- [Records for the exercise]:
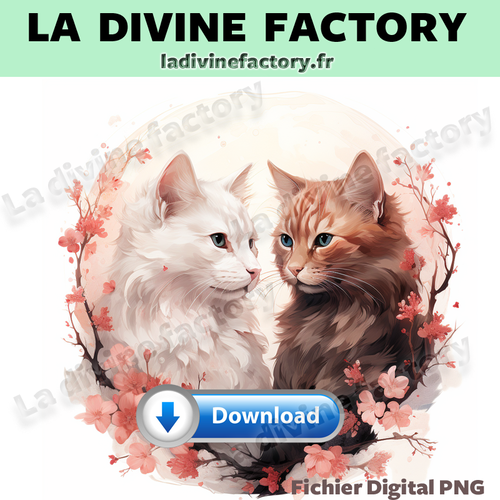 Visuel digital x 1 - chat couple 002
--
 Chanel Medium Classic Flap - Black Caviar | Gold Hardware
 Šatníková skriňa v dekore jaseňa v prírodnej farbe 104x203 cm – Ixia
* * *
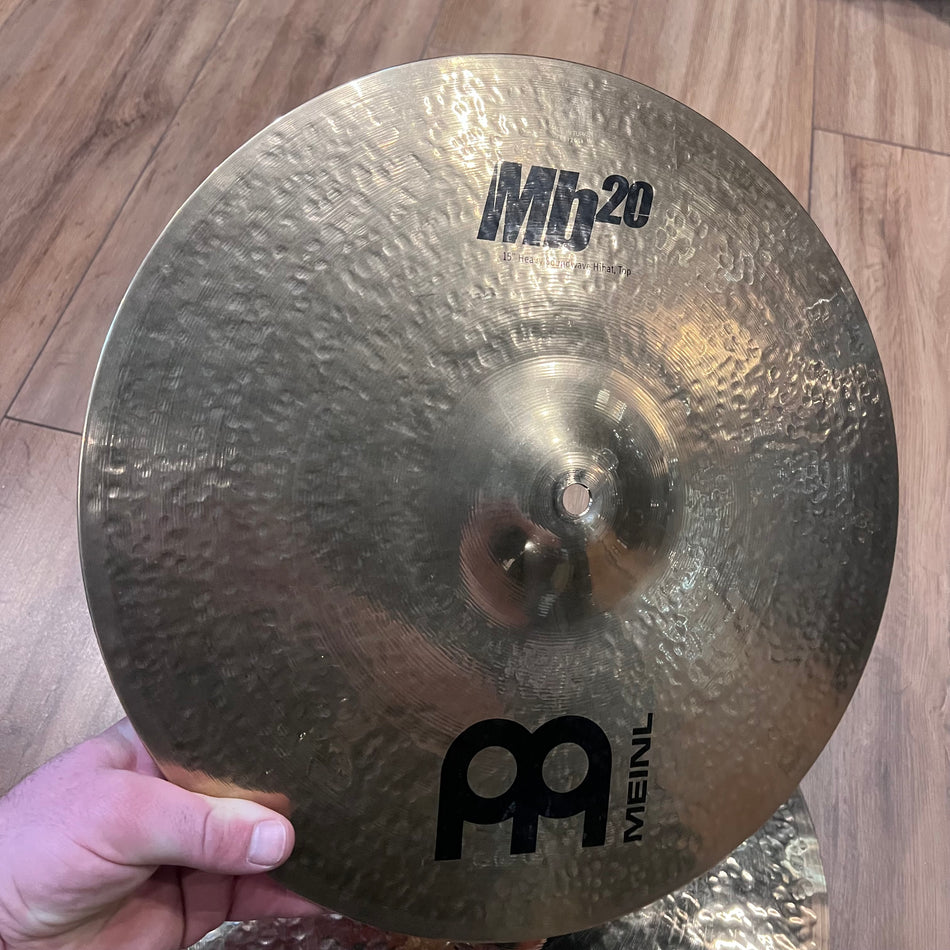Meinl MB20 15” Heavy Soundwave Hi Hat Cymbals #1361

- [Exercise details]: Above are the records; repeat exactly the lines from the one holding "Chanel Medium Classic" down to the one holding "Šatníková skriňa v", end lines included.

- [Written solution]:
 Chanel Medium Classic Flap - Black Caviar | Gold Hardware
 Šatníková skriňa v dekore jaseňa v prírodnej farbe 104x203 cm – Ixia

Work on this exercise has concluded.